L'histoire :
New York 1961. Karen et Dick traversent Central Park. Ils s’extasient sur le fait que l’on se croirait en pleine nature à une autre époque, s’il n’y avait les immeubles à l’horizon. Karen objecte qu’elle n’est pas sûre que la présence des immeubles change beaucoup de choses. Au fond, ce pays est toujours aussi sauvage. Il voudrait bien la croire, mais le fait est que la nature n’est plus la même avec tout ce béton et ce bitume. Oui, mais si l’on gratte sous ce vernis, rien n’a changé selon la jeune femme. La vraie nature des Etats Unis est d’être indomptable. Descendante pour une part des premiers habitants du continent, elle ressent cette force en elle. Sur le chemin du café où ils vont jouer, elle insiste pour faire un crochet par Washington Square et y récupérer un sachet de marijuana. Arrivés au Café Wha, Karen s ‘empresse de s’en rouler un avant de monter sur scène. Dick lui demande d’ouvrir la fenêtre, ça va encore sentir…Quand Fred, le chanteur qui vient de terminer son concert, entre dans la loge, il demande à la jeune femme si elle a besoin de ça pour monter sur scène. Un peu timide, elle confirme, tout en expliquant qu’elle fait attention. Puis elle parle de sa difficulté à bien chanter devant des inconnus. C’est pour cette raison qu’elle ferme les yeux. Il trouve que c’est plutôt positif : « la chanteuse aux yeux fermés », ça a de la gueule, non ?

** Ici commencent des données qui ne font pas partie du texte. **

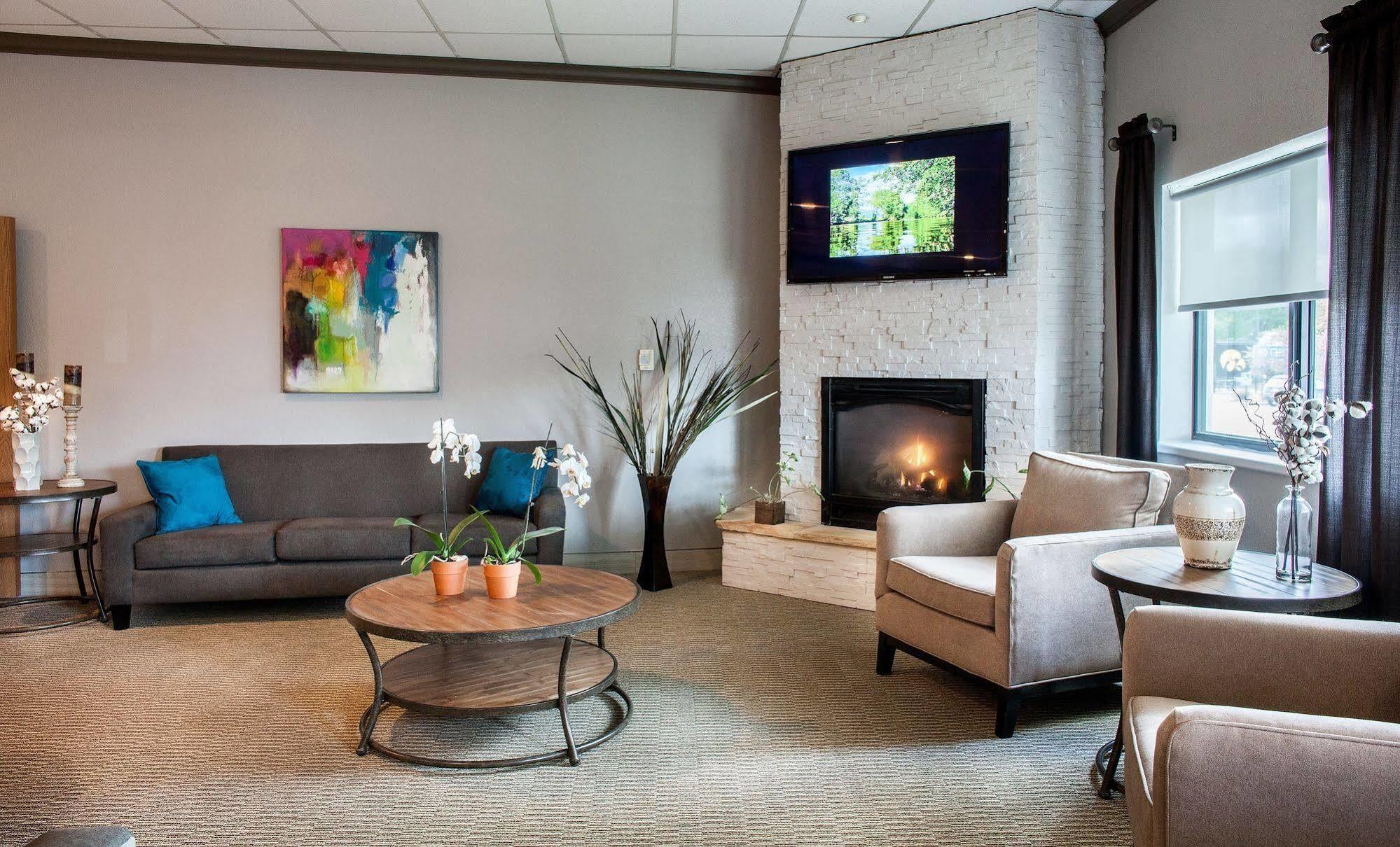 Heartland Inn Coralville Esterno foto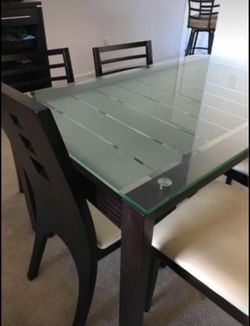4 Dining Chairs NOT Includes Table/ Sillas De Comedor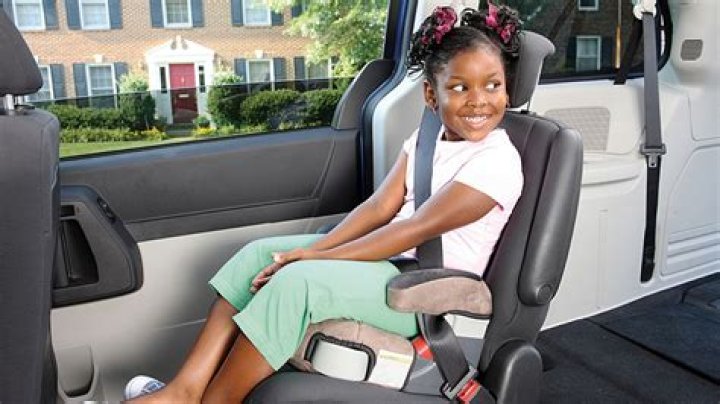 Does a 10 year old need a booster seat in Texas?
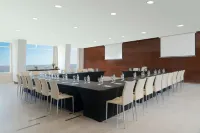 NH Montevideo Columbia - Business
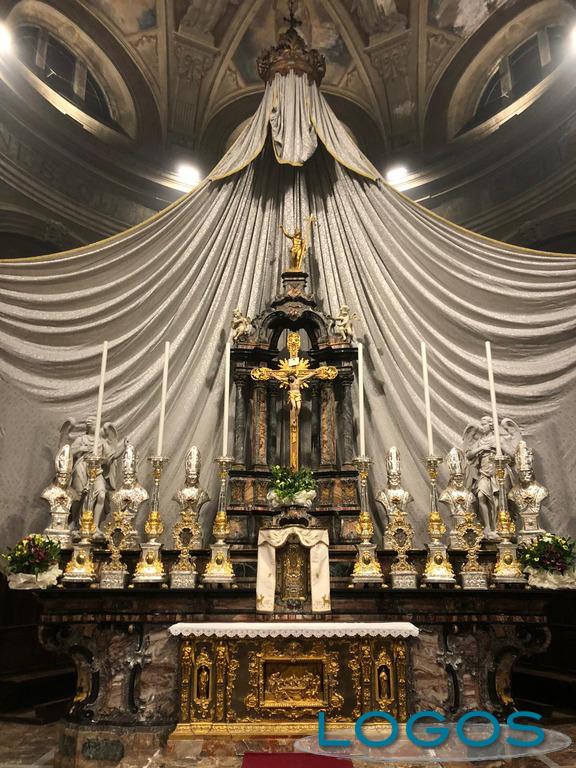 Inveruno - L'altare della Chiesa di San Martino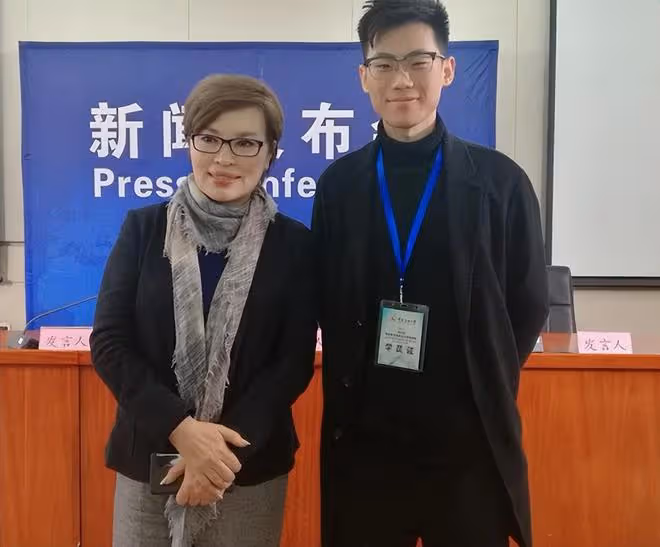 前央視主播李瑞英,退休後素顏變樣,但氣質優雅,老態真實不扮嫩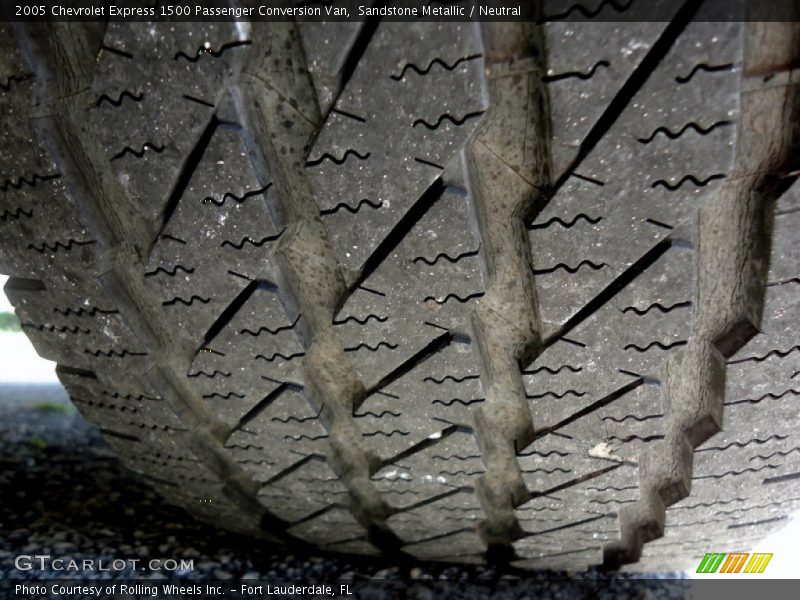 Sandstone Metallic / Neutral 2005 Chevrolet Express 1500 Passenger Conversion Van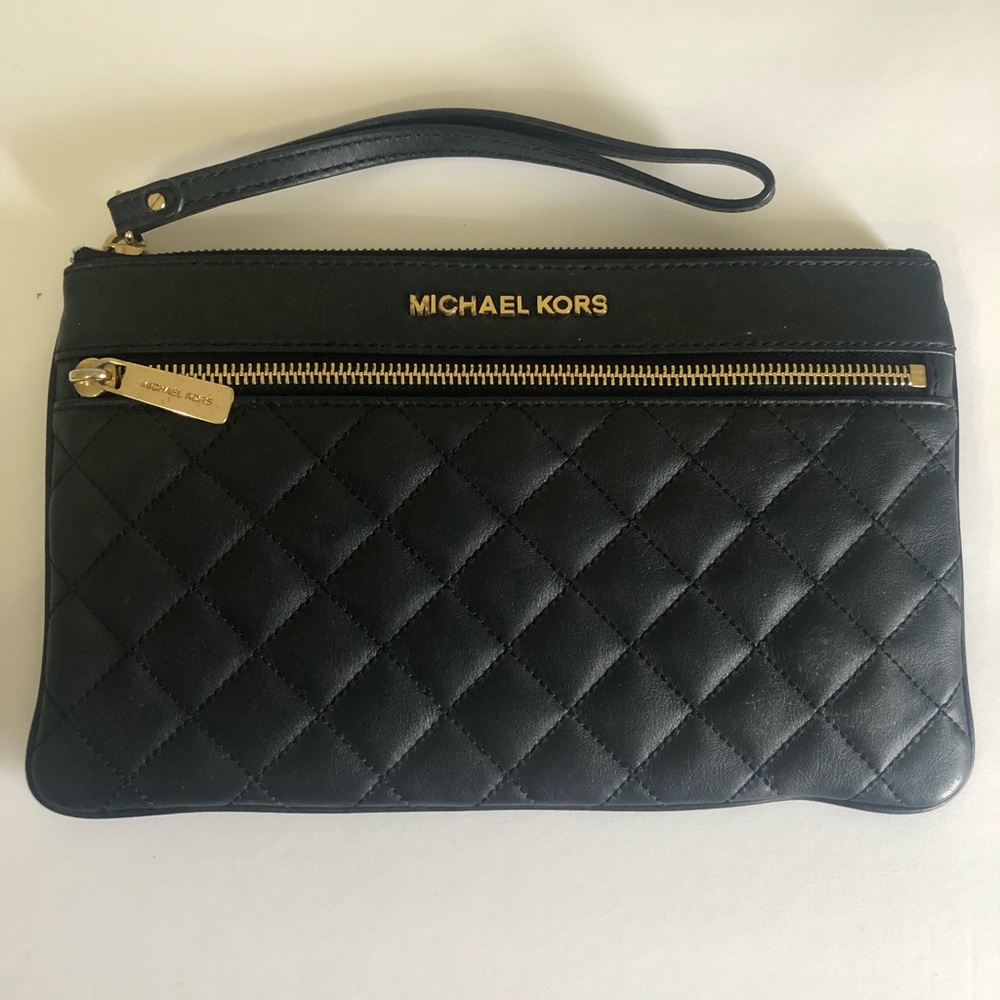 🕶Michael Kors wristlet. Black with gold.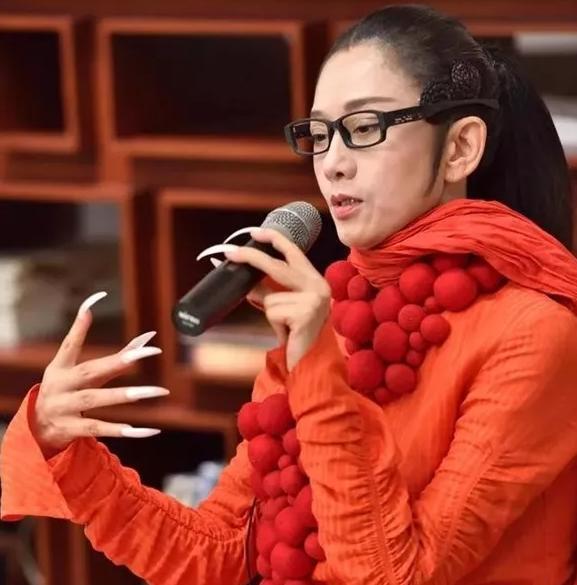 杨丽萍|61岁杨丽萍近照曝光，指甲护理一年高达18万，为身体终身绝育绝食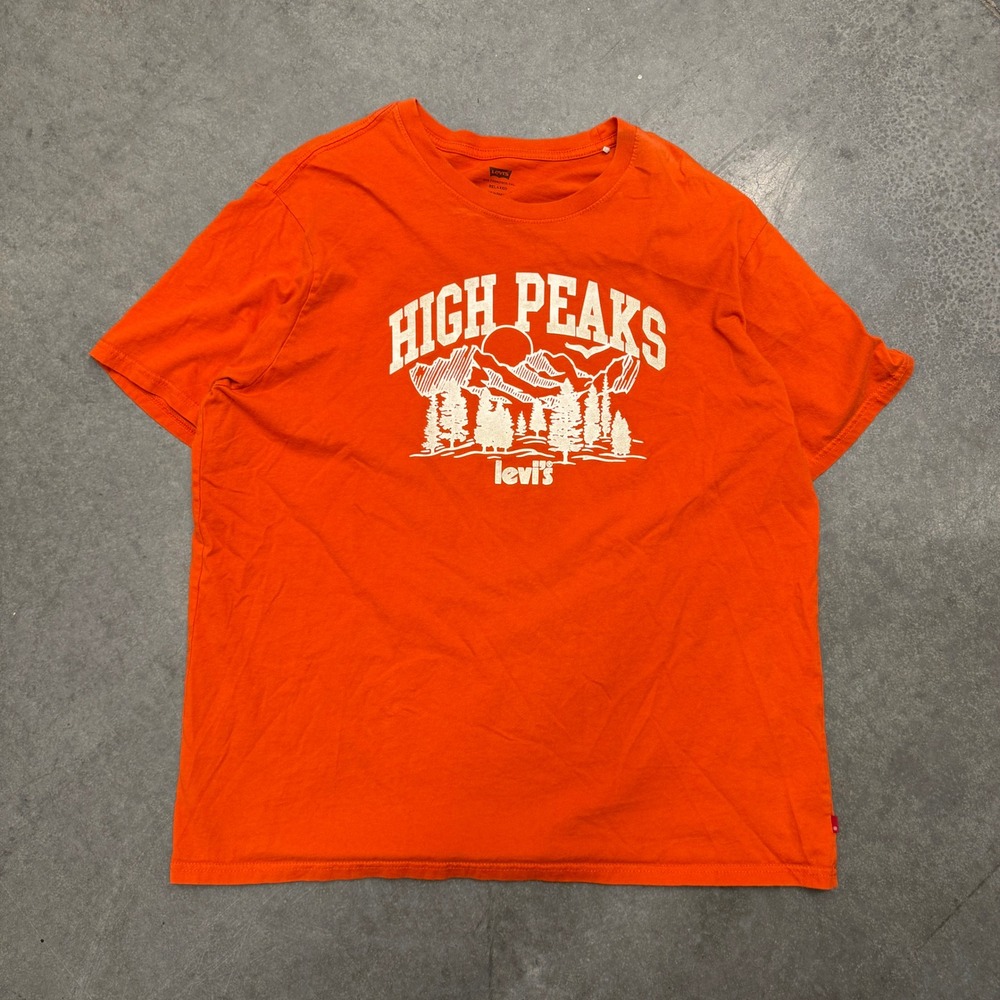 Levis Mens High Peaks Mountain Graphic T-Shirt Orange Relaxed Fit Large‎
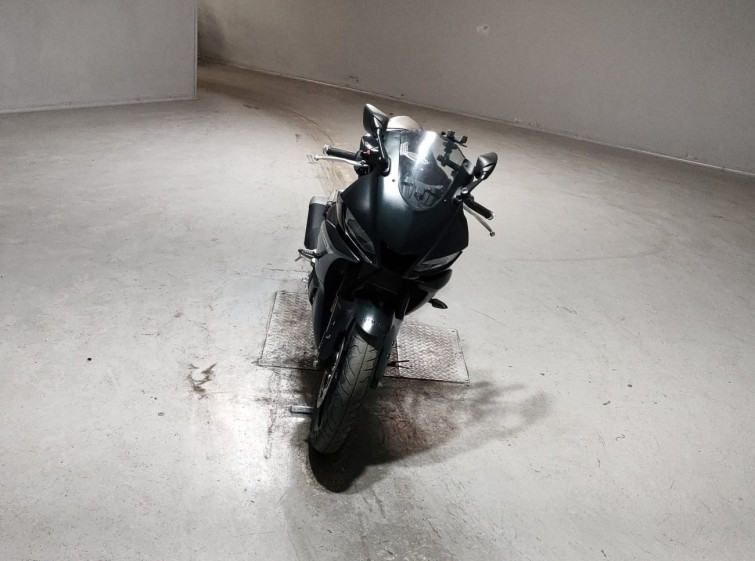 Мотоцикл Yamaha YZF-R25 з пробігом 15666 km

Ce qu'on en pense sur la planète BD :
Karen Dalton, admirée par Dylan notamment, fut un OVNI dans l’histoire musicale américaine. Cette chanteuse folk adepte des reprises s’appropriait en live les chansons des autres. Fervente défenseur de l’instant, elle se refusa longtemps à enregistrer en studio. Elle mena une vie libre et indépendante, qui ne lui apporta que la reconnaissance de ses pairs. Le public la connaissait si peu ! Elle exprimait son sens de la pureté à travers ses actes et ses choix. Dès les premières pages, le rythme de sénateur donne le top à un album contemplatif des états d’âmes d’une certaine époque, les mythiques années 60. Elle était « sur la route » comme tant d’autres, en permanente analyse de la vie, de l’importance sérieuse qu’il faut lui accorder, tout en se sachant de passage sur cette terre. Et donc, en n’oubliant pas d’optimiser ce laps de temps, quitte à enfreindre les lois bien pensantes. Le dessin typiquement 60’s d’Ana Rousse porte bien le psychédélisme ambiant et la chaleur humaine. Les décors sont riches, jouant tour à tour avec la perspective, les pointillés, le hachuré… bref, un trait inventif qui marque cependant le pas sur les visages aux expressions figées. Cédric Rassat s’est penché sur 8 années de la vie de la chanteuse, de 1961 à Green Village, à 1969 avec le festival de Woodstock, suivant l’artiste dans des moments parfois publics, souvent intimes, au cœur de l’esprit flower-power du moment. A dimension doucement philosophique, cet album donne en outre à connaître une femme discrète, mais forte, qui s’inspirait des plus grands pour les chanter à sa manière. Ils lui rendirent cet honneur en l’aidant à se produire malgré ses phobies et par le respect qu’elle leur inspirait. Victime du SIDA elle s’éteignit en 1993, victime de ses démons. Elle était néanmoins mue par une profonde sagesse pleine d’humanité.